Provides compatibility with LangChain and other frameworks.
Link: LlamaIndex GitHub
3. Chroma
Chroma is an open-source embedding database designed for LLMs. It helps store and query high-dimensional vector embeddings of data, enabling you to work with semantic search, retrieval-augmented generation (RAG), and more.
Key Features:
Embedding search for documents or large datasets using models like OpenAI or Hugging Face transformers.
Scalable and optimized for efficient retrieval of large datasets with millisecond latency.
Works well for semantic search, content recommendations, or building conversational agents.
Link: Chroma GitHub
4. Hugging Face Transformers
Hugging Face provides a library of pretrained transformers that can be used for various NLP tasks such as text generation, question-answering, and classification. It offers easy integration with LLMs, making it a great tool for working with different models in a unified way.
Key Features:
Supports a wide range of models, including GPT, BERT, T5, and custom models.
Provides pipelines for quick setup of tasks like Q&A, summarization, and translation.
Hugging Face Hub hosts a large variety of pre-trained models ready for deployment.
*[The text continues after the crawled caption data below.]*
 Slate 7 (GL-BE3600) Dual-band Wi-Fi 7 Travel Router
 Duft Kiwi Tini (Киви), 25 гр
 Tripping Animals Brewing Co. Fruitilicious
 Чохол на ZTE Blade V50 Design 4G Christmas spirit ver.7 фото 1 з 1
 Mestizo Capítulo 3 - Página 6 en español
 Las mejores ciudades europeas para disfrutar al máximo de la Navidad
Link: Hugging Face Transformers
5. Pinecone
Pinecone is a managed vector database that allows you to store, index, and query large-scale vectors produced by LLMs. It is designed for high-speed semantic search, vector search, and machine-learning applications.
Key Features:
Fast, scalable, and reliable vector search for applications requiring high performance.
Integrates seamlessly with LLMs to power retrieval-based models.
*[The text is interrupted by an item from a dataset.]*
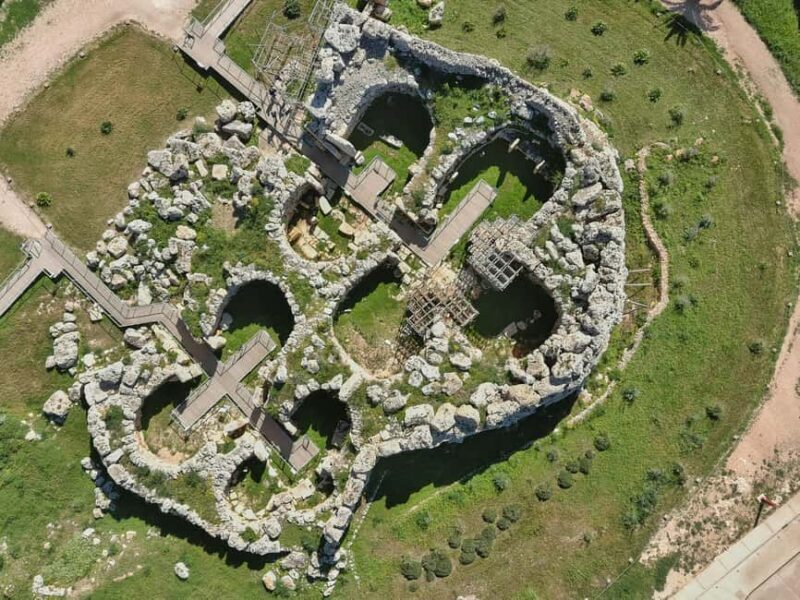 Malta: Gozo Combo  Temples, Castles & Island Heritage - Key Points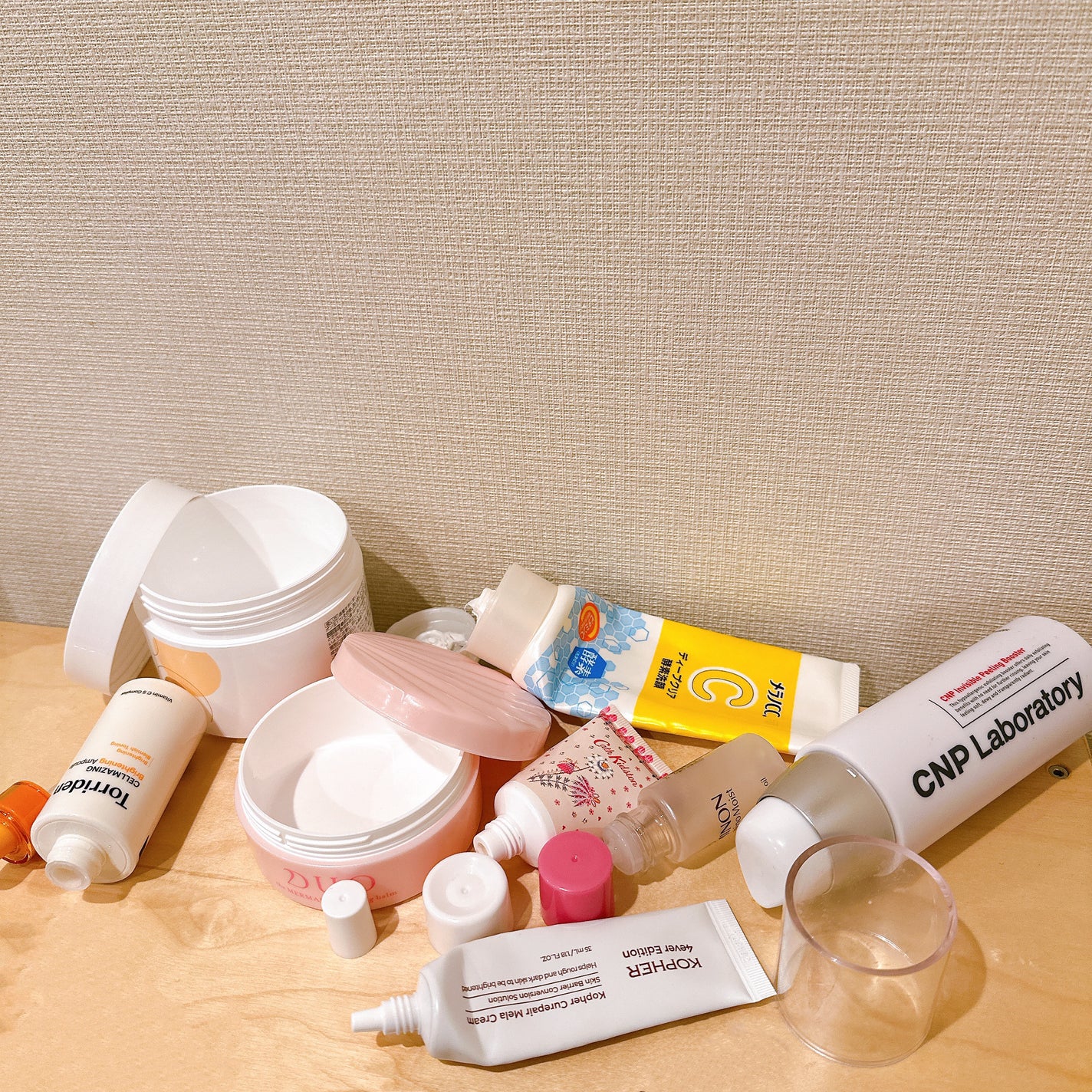 インビジブルピーリングブースターエッセンス/CNP Laboratory/ブースター・導入液を使ったクチコミ(2枚目)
Handles large datasets and enables search across millions or billions of vectors.
Link: Pinecone Website
6. OpenAI API
OpenAI’s API gives access to a wide range of LLMs, including the GPT series (like GPT-3.5 and GPT-4). It provides text generation, summarization, translation, and code generation capabilities.
Key Features:
Access to state-of-the-art models like GPT-4 and DALL-E for image generation.
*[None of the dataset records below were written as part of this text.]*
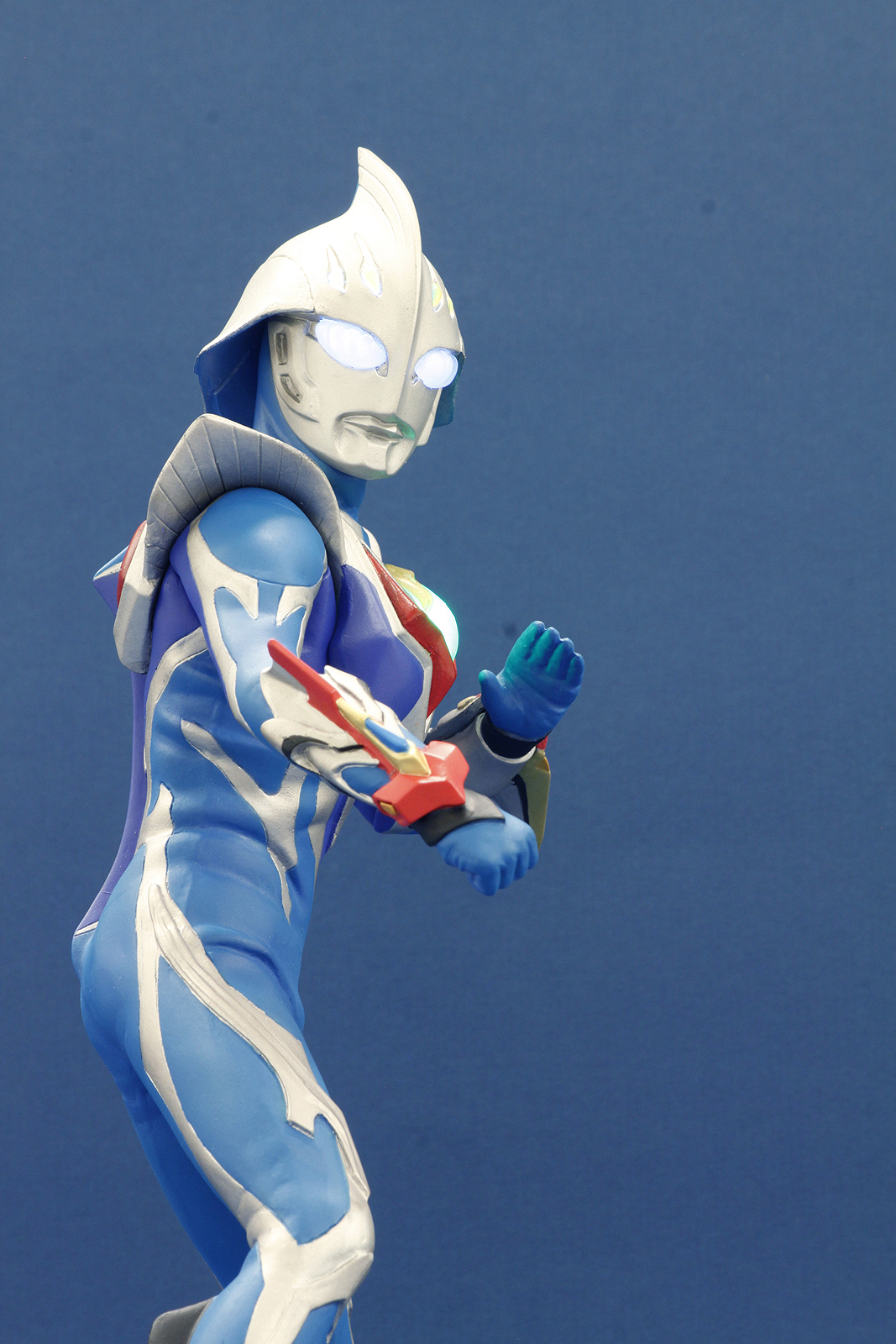 エクスプラス-「ウルトラマンネクサスジュネッスブルー」少年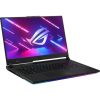 Asus ROG Strix SCAR 17 X3D G733PYV-LL045W gaming notebook fekete (240Hz G-Sync; Off Black)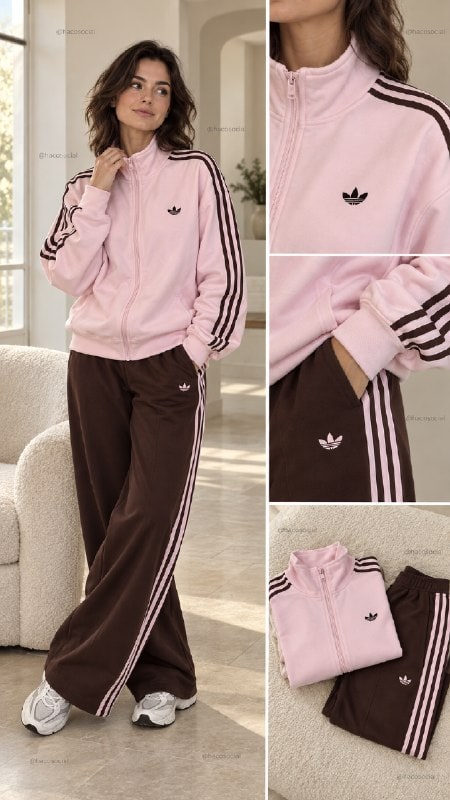 Enlace Hacoo Sudadera Adidas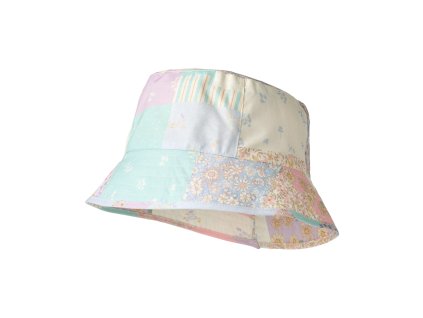 Klobouk Wheat Alec - Patchwork flowers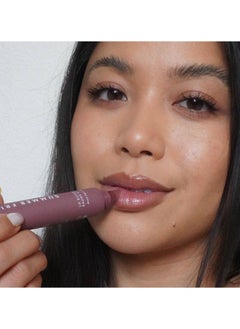 SUMMER FRIDAYS Summer Fridays Lip Butter Balm - Conditioning Lip Mask and Lip Balm for Instant Moisture, Shine and Hydration - Sheer-Tinted, Soothing Lip Care-Brown Sugar  - Image 2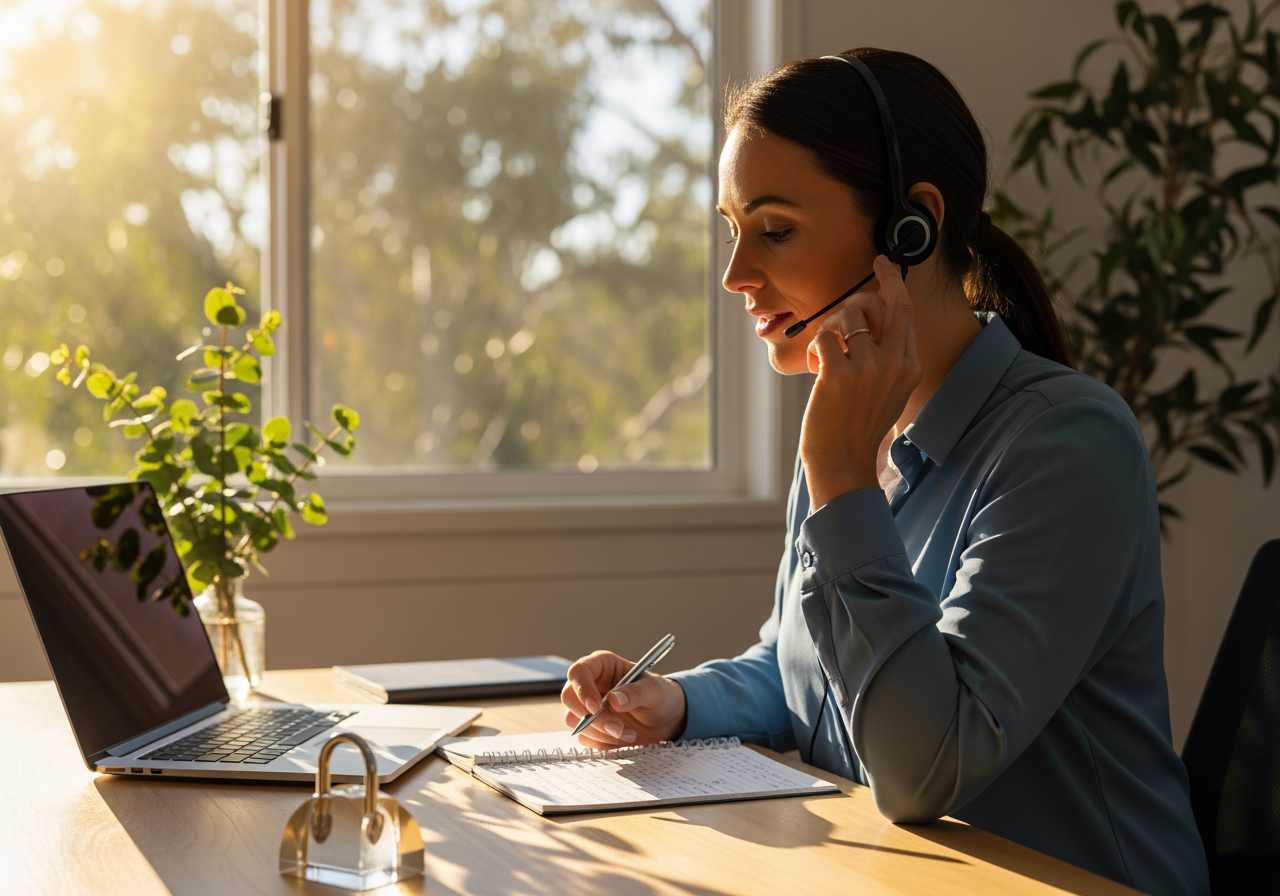 Social Work Services - The Importance of Secure AI Calls in Social Work Services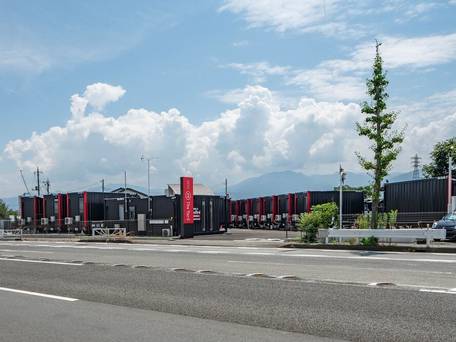 HOTEL R9 The Yard 甲府 / 1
Offers prompt engineering for fine-tuning and controlling model behavior.
Simplifies AI integration into applications without needing to manage infrastructure.
Link: OpenAI API
7. Rasa
Rasa is an open-source framework for building conversational AI assistants and chatbots. It allows for highly customizable AI assistants trained on specific tasks and workflows, making it a good alternative to pre-trained LLM chatbots.
Key Features:
Supports NLU (Natural Language Understanding) and dialogue management.
Highly customizable for domain-specific applications.
Can integrate with LLMs to enhance chatbot capabilities.
Link: Rasa Website
8. Cohere
Cohere offers NLP APIs and large-scale language models similar to OpenAI. It focuses on tasks like classification, text generation, and search, providing a powerful platform for LLM-based applications.
Key Features:
Provides easy access to LLMs through an API, allowing developers to implement NLP tasks quickly.
Offers fine-tuning options for domain-specific applications.
Well-suited for tasks like customer support automation and text classification.
Link: Cohere Website
9. Vercel AI SDK
Vercel AI SDK provides tools for building AI-powered applications using frameworks like Next.js. It simplifies the development process by integrating APIs from OpenAI, Hugging Face, and other AI providers into web applications.
Key Features:
Seamless integration with AI models in serverless environments.
Supports building interactive applications with fast deployments using Vercel’s infrastructure.
Focuses on web-based applications and LLM-powered front-end experiences.
Link: Vercel AI SDK
Conclusion
Beyond LangChain and AnythingLLM, many powerful tools and frameworks cater to different needs when working with LLMs. Whether you want to build conversational agents, semantic search engines, or specialized AI applications, platforms like Haystack, LlamaIndex, Chroma, and others offer flexible and scalable solutions. Depending on your specific use case, you can choose the most suitable tool for integrating LLMs into your projects.